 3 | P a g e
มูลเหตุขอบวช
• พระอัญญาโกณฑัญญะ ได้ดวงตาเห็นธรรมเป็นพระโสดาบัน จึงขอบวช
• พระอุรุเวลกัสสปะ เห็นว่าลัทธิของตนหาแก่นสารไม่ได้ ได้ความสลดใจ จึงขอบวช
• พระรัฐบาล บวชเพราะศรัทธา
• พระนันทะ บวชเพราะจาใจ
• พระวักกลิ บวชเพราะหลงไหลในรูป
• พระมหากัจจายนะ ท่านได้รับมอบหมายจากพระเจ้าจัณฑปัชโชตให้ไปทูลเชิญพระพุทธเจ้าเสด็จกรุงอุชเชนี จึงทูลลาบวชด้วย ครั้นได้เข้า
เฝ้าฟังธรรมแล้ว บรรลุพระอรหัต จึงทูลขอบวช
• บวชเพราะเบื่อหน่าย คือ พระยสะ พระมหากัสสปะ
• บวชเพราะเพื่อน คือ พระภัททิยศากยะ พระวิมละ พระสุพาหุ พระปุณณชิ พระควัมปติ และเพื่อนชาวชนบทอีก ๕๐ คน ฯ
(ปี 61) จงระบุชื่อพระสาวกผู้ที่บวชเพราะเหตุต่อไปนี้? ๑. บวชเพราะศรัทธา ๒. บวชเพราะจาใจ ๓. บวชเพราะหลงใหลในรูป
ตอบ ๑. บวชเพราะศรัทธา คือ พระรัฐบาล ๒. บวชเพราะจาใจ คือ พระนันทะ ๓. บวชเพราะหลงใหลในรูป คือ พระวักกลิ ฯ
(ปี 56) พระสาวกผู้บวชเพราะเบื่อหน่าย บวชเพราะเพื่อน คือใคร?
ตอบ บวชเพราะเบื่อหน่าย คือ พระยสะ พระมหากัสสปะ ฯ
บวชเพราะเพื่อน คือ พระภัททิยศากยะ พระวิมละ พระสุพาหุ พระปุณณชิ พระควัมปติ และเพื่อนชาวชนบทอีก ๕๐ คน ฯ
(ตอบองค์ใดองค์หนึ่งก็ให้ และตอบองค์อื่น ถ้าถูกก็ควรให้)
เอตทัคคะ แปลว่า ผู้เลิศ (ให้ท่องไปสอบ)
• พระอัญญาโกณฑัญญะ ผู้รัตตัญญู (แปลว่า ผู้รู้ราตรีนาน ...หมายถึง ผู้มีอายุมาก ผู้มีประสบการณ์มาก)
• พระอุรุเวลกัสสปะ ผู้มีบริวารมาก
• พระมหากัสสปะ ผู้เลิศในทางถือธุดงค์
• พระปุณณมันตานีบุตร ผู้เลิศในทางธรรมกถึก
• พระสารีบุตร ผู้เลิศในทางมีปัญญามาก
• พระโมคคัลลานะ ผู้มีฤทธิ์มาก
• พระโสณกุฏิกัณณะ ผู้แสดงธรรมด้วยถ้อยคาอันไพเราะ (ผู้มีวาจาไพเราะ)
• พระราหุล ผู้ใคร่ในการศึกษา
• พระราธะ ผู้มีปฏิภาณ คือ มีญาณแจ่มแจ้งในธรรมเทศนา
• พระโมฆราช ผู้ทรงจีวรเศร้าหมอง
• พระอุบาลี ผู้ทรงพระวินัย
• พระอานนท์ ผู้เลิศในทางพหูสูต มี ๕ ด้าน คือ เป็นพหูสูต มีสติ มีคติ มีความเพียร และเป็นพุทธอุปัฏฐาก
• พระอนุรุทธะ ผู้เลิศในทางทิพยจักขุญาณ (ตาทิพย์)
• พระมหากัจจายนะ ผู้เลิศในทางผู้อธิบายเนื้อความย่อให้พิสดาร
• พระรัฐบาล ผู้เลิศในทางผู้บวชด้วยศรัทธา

═══

Going through the records above, count the lines that hold the string "บวชเพราะศร" and give only the total.

→ **EXERCISE RESPONSE**: 3